Nearly a million people who bought President Donald Trump’s $TRUMP memecoin have collectively lost $3.81 billion, according to new blockchain analysis. The data has once again reignited scrutiny over a sitting head of state profiting from a token bearing his name.
The findings, compiled by blockchain analytics firm Nansen and first reported by The New York Times, examined every wallet that has purchased $TRUMP since its launch on the Solana blockchain in January 2025. Of roughly 1.48 million wallets tracked, 988,905, about two-thirds, are sitting on losses.
The remaining third, mostly early buyers who got in during the coin’s first hours before it rocketed toward its peak, are collectively up $4.04 billion, meaning the market as a whole is nearly break-even. But the split tells a familiar memecoin story: a small cohort of early movers captured the gains, while the retail majority bought in later and higher, only to get burnt.

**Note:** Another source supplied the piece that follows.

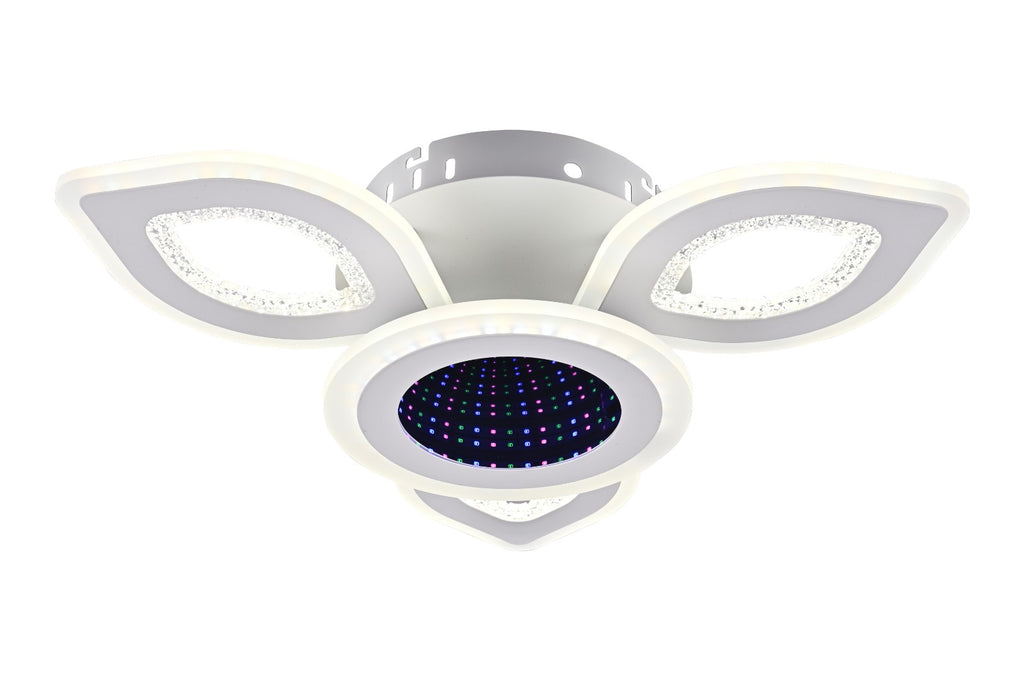 Lustra LED RFAN, Model R9019-3+1, cu Telecomanda, 3 Tipuri de Lumina plus Lumina RGB, Intensitate Reglabila, 98W, Alb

$TRUMP was trading at $1.69 as of Sunday, down nearly 98% from its all-time high of $75.35, reached within 48 hours of launch. Trump unveiled the token three days before his January 2025 inauguration, promoting it on Truth Social with the line “GET YOUR $TRUMP NOW!” and framing it as a celebration of his political movement.
Trump profits $1.4 billion from crypto investments in 2025 – $636 million from $TRUMP,
The president’s own financial disclosure, released by the Office of Government Ethics on June 30, shows he personally benefited from the coin’s volatility. Trump collected $636 million in royalties from $TRUMP, structured as payments to CIC Digital LLC, a Trump Organisation affiliate. That figure accounts for nearly half of the $1.4 billion he made from crypto-related ventures in 2025 alone, with the broader haul, including World Liberty Financial, reportedly totalling around $2.2 billion.
Of the one billion $TRUMP tokens ever created, roughly 80% are held by two Trump-linked entities, which are releasing the supply on a three-year unlock schedule.
World Liberty Financial, the separate crypto venture Trump co-founded with his sons, hasn’t fared much better for its retail buyers: its $WLFI token has lost more than 80% of its value. leaving 85% of tracked secondary-market wallets underwater on a combined $83 million in losses.
The losses land against a regulatory backdrop that the president has actively reshaped. Since Trump took office, the Securities and Exchange Commission has said it will not treat memecoins as securities and has dropped or paused close to 60% of its pending crypto enforcement cases, including long-running actions against major exchanges.
Trump signed the GENIUS Act into law in mid-2025, establishing the first federal framework for stablecoins, but the law is silent on memecoins or on tokens issued by elected officials, a gap critics say allowed his coin to launch without meaningful oversight. Europe’s MiCA framework, by contrast, requires consumer disclosures for any publicly sold crypto asset regardless of how it’s labelled.

Senator Kirsten Gillibrand has proposed legislation barring elected officials and their spouses from issuing or promoting crypto tokens, having previously pushed similar language during GENIUS Act negotiations before it was stripped from the final bill. The measure faces significant challenges in a Congress that has largely embraced the industry.
The White House has rejected suggestions that the president is profiting off his supporters. “President Trump proudly made the United States the crypto capital of the world,” spokeswoman Anna Kelly told the Times, adding that “all actions by President Trump and his administration are taken in the best interest of the American people.”
For ordinary buyers, the arithmetic is harder to spin. One investor who told the Times he backed Trump in 2024 said he put roughly $500,000 into the token and has since lost about half of it. “It is kind of incredible,” he said. “It is almost a legal scam.”
The Nansen figures suggest the president’s memecoin has cost retail buyers nearly four times as much as was lost to hackers across all of decentralised finance in the first half of 2026, a comparison likely to keep $TRUMP at the centre of Washington’s crypto oversight debate through the rest of the year.